Definition: “Extremely scalable analytics – analyzing petabytes of structured and unstructured data at high velocity.”
Definition: “Big data is data that exceeds the processing capacity of conventional data base systems.”
Big Data has three characteristics:
Variety – Structured and unstructured data
Velocity – Time sensitive data that should be used simultaneously with its enterprise data counterparts, in order to maximize value
Volume – Size of data exceeds the nominal storage capacity of the enterprise.
Statistics:
– In 2011, the global output of data was estimated to be 1.8 zettabytes (10^21 bytes)
– 90% of the world data has been created in the last 2 years.
– We create 2.5 quintillion (10^18) bytes of data per day (from sensors, social media posts, digital pictures, etc.)

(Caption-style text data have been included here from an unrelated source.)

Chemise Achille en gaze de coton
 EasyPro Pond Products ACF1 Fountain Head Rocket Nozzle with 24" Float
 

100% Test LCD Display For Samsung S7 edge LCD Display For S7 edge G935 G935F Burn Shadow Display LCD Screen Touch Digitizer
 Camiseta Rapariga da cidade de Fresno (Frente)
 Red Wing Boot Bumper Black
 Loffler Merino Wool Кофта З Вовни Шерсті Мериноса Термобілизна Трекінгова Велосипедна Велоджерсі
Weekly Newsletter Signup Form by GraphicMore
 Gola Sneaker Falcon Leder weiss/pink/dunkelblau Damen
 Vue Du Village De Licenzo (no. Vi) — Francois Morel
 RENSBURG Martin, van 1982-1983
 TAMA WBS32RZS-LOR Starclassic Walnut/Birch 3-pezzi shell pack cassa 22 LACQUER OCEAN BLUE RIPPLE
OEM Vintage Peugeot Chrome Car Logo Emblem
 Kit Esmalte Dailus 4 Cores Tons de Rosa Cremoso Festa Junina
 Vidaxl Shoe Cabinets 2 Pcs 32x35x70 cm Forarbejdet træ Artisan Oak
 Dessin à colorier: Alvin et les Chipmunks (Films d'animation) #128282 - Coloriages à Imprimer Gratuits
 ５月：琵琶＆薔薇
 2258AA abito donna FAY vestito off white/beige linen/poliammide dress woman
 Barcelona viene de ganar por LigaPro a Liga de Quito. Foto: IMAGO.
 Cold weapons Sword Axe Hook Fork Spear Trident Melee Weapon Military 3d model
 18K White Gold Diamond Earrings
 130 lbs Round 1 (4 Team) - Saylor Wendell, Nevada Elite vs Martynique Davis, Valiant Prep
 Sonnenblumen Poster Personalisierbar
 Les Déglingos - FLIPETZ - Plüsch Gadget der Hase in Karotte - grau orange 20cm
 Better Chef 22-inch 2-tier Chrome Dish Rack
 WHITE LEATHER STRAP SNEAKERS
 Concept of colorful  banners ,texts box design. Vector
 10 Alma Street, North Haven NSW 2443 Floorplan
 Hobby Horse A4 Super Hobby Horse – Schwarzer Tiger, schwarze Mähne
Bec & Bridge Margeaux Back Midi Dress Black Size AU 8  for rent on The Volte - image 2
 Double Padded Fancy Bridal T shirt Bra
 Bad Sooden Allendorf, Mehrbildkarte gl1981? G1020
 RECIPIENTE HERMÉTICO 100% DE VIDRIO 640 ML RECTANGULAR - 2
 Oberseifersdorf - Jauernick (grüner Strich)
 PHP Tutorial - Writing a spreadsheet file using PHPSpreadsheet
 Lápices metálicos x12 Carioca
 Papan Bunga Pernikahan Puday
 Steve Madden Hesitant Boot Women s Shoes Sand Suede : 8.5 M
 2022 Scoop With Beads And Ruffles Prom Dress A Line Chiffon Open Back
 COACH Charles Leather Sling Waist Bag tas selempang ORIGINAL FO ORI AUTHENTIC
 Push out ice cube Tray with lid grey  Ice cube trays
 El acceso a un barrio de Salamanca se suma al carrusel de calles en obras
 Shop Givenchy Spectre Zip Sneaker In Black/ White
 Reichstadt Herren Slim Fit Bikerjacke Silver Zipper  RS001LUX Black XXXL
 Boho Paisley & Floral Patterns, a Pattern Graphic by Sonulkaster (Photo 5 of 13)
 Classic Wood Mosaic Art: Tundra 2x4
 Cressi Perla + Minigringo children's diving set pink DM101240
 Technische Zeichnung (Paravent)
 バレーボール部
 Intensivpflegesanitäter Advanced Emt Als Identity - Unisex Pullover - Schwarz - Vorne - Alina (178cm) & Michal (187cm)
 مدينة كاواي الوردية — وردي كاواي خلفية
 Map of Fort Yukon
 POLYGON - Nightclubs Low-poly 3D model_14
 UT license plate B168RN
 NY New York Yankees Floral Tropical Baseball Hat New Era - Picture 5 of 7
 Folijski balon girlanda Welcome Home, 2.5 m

– The digital world will increase in capacity 44 folds between 2009 and 2020.
– Only 5% of data is being created in structured forms, 95% is largely unstructured.
– 80% of the effort involved in dealing with unstructured data is reconditioning ill-formed data to well-formed data (cleaning it up).
Performance Statistics (I will start tracking more closely):
– Traditional data storage costs approximately $5/GB, but storing the same data using Hadoop only cost $0.25/GB – yep 25cents/GB. Hum!
– FaceBook stores more than 20Petabytes of data across 23,000 cores, with 50Terabytes of raw data being generated per day.
– eBay uses over 2,600 clustered Hadoop servers.